Léon Morin - padre, de Jean-Pierre Melville



Por Miguel Haoni

Léon Morin, padre lembra a imagem de uma caixa dentro de outra caixa dentro de outra caixa: dos desejos irrealizáveis, silenciados, da personagem passamos ao claustro do quarto, do escritório, da igreja e do presbitério. São lugares de uma cidade no interior francês três vezes ocupada durante a Segunda Guerra: primeiro pelos italianos, depois pelos alemães, depois pelos americanos, sem grandes diferenças. Estas prisões, porém, têm janelas, e são penetradas por uma luz: a luz do mundo, objeto primeiro da arte. A luz fria - que aquece - dos filmes de Jean-Pierre Melville.

A luz, por mais restrita que seja a sua incidência, é aquilo que nos permite ver. É o que garante ao olhar de Barny (Emmanuelle Riva) romper a distância apropriada e notar os detalhes grosseiros da costura na batina de Léon Morin (Jean-Paul Belmondo). Muito antes de ver que ele era bonito, muito antes de desejá-lo perdidamente. É ela que nos conduz na passagem dos dias, na angústia calma do diário íntimo. 
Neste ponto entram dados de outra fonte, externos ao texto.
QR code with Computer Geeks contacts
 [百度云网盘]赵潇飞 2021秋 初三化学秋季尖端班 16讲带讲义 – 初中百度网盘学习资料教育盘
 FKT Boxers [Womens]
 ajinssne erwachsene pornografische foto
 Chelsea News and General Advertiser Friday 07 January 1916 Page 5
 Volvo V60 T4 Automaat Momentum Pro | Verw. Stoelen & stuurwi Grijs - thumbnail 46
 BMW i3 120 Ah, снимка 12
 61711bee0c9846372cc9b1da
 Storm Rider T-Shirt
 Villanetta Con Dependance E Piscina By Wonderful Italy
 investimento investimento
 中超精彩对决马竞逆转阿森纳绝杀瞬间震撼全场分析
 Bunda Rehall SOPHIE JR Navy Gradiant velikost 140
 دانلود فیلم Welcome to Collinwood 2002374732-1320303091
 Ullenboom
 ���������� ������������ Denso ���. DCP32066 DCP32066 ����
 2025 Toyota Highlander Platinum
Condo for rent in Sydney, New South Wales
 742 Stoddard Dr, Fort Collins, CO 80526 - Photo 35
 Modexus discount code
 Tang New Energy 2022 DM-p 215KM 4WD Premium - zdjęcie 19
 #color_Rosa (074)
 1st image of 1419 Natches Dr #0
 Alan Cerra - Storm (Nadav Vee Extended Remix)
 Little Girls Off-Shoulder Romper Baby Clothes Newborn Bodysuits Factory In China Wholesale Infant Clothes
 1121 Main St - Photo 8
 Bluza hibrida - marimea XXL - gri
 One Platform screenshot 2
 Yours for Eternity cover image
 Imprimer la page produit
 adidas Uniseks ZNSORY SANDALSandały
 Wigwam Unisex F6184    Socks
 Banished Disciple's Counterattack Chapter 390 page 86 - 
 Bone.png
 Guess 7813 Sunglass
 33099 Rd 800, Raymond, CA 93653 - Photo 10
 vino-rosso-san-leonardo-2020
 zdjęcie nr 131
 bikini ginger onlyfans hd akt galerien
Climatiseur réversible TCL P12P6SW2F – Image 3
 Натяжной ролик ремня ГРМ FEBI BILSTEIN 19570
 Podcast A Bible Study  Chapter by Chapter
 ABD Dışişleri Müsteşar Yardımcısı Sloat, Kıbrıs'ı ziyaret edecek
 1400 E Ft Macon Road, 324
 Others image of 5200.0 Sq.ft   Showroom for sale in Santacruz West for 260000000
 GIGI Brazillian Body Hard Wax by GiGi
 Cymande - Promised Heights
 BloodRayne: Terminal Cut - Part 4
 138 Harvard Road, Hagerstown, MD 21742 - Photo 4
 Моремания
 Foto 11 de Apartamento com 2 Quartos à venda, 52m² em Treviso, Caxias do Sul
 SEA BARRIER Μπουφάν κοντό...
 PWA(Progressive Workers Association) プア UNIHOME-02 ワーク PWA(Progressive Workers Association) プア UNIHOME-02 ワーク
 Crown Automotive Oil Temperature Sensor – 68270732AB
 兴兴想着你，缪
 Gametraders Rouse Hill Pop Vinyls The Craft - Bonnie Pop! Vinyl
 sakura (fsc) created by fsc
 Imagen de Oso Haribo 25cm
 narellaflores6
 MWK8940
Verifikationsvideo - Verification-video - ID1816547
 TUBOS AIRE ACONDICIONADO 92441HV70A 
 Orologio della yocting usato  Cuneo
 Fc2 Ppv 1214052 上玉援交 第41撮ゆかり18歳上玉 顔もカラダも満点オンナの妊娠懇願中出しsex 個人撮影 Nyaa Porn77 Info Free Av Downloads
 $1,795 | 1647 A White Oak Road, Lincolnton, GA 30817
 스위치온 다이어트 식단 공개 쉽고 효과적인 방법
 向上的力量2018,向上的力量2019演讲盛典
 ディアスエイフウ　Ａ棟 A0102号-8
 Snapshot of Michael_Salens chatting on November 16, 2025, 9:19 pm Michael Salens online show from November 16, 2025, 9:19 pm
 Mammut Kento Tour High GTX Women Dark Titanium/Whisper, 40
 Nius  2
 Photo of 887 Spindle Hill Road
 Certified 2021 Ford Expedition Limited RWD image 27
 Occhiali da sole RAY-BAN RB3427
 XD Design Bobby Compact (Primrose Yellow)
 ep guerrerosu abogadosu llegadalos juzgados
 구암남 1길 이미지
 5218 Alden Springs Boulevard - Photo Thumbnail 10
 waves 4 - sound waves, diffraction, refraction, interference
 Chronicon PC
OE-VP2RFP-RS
É a luz (outra luz) que faz também com que estes personagens possam respirar livres mesmo atrás de todos estes muros: o amor pelo conhecimento, aqui encarnado em seus diálogos filosóficos. Tudo começa com uma provocação (a mulher diz ao padre "a religião é o ópio do povo") seguida de uma reação mil vezes mais provocante (o padre responde "nem sempre...") e o que se desdobra a partir disso é uma grande aventura de descoberta. Para o espectador e para os personagens.

Em determinada passagem, Léon desenha um ponto ("este é você") e um círculo ("este é Deus") e expõe uma teoria cósmica da mise en scène, do acordo espacial entre o Homem e as Forças ao seu redor, tal qual um cineasta mostra numa planta baixa do cenário o jogo cênico à atriz: "É Ele que lhe cerca e não o contrário". "E o que Ele espera?". "Que você se mova." Trata-se aqui de uma das mais belas definições do cinema. Melville desenha os movimentos segundo as regras do espaço, e a precisão dos gestos respondem à sua necessidade. Seus filmes nos lembram que clássico é também aquele que tem classe.

No final libertam-se a cidade e a verdade. O futuro dos personagens começa com o som do vento e as marcas da ausência nas paredes traduzem a resignação inflamada diante do amor impossível. Agora eles são livres. Triste liberdade.